The task.
Could you retype the lines below, starting at the line holding "two pieces of art that are sitting on a table" and stopping at the line holding "10 May 2024: All", inclusive? Copy them exactly and drop the images.

[[ Task material, beginning ]]

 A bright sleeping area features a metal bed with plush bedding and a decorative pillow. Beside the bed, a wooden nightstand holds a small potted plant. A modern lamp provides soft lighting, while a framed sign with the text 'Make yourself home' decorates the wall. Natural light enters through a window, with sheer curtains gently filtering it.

[[ Task material, end ]]
[[ Task material, beginning ]]

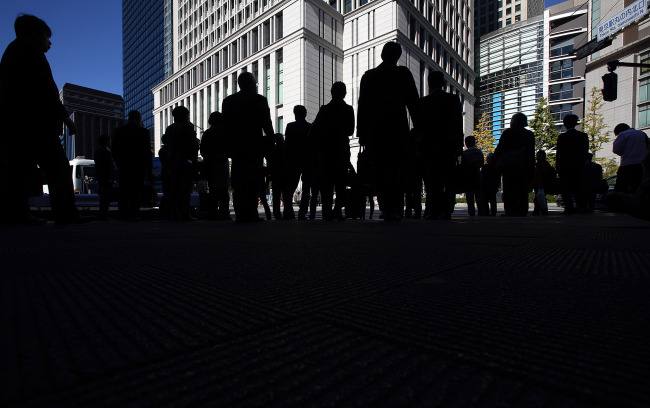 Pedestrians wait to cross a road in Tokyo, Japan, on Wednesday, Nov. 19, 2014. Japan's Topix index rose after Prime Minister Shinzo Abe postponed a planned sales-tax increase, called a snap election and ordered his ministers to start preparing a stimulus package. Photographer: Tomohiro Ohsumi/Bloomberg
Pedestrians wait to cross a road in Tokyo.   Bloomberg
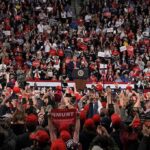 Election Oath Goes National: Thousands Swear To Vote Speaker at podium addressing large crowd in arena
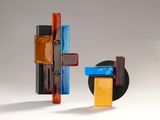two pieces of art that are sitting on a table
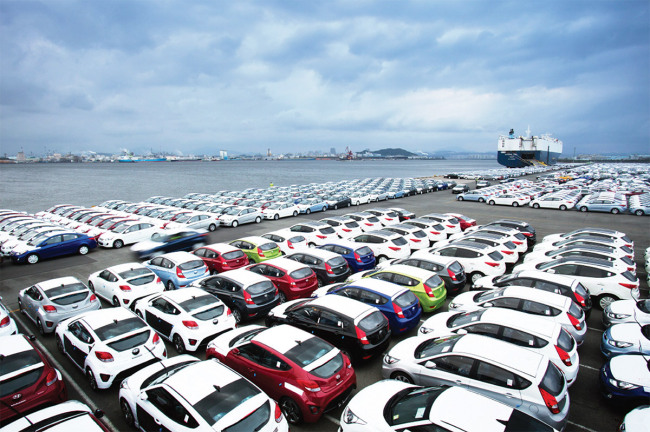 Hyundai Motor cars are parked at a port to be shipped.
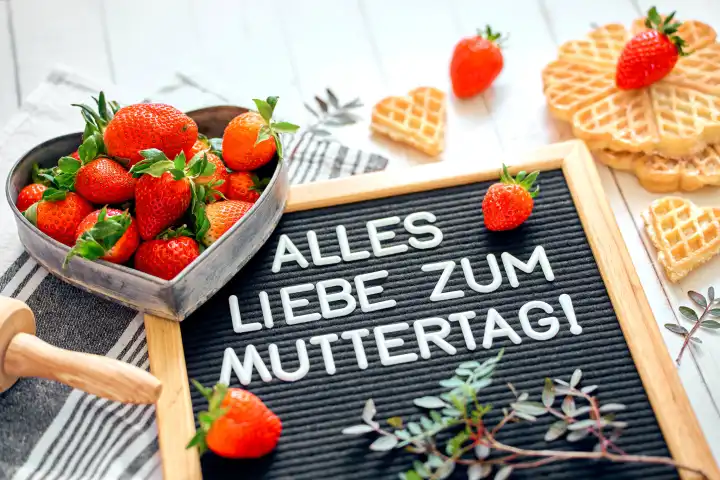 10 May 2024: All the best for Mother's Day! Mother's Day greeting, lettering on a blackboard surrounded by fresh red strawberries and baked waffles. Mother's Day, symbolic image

[[ Task material, end ]]
[[ Task material, beginning ]]

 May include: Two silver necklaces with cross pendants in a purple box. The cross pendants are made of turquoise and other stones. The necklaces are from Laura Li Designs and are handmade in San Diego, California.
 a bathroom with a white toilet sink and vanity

[[ Task material, end ]]

Answer for this exercise.
two pieces of art that are sitting on a table
 Hyundai Motor cars are parked at a port to be shipped.
 10 May 2024: All the best for Mother's Day! Mother's Day greeting, lettering on a blackboard surrounded by fresh red strawberries and baked waffles. Mother's Day, symbolic image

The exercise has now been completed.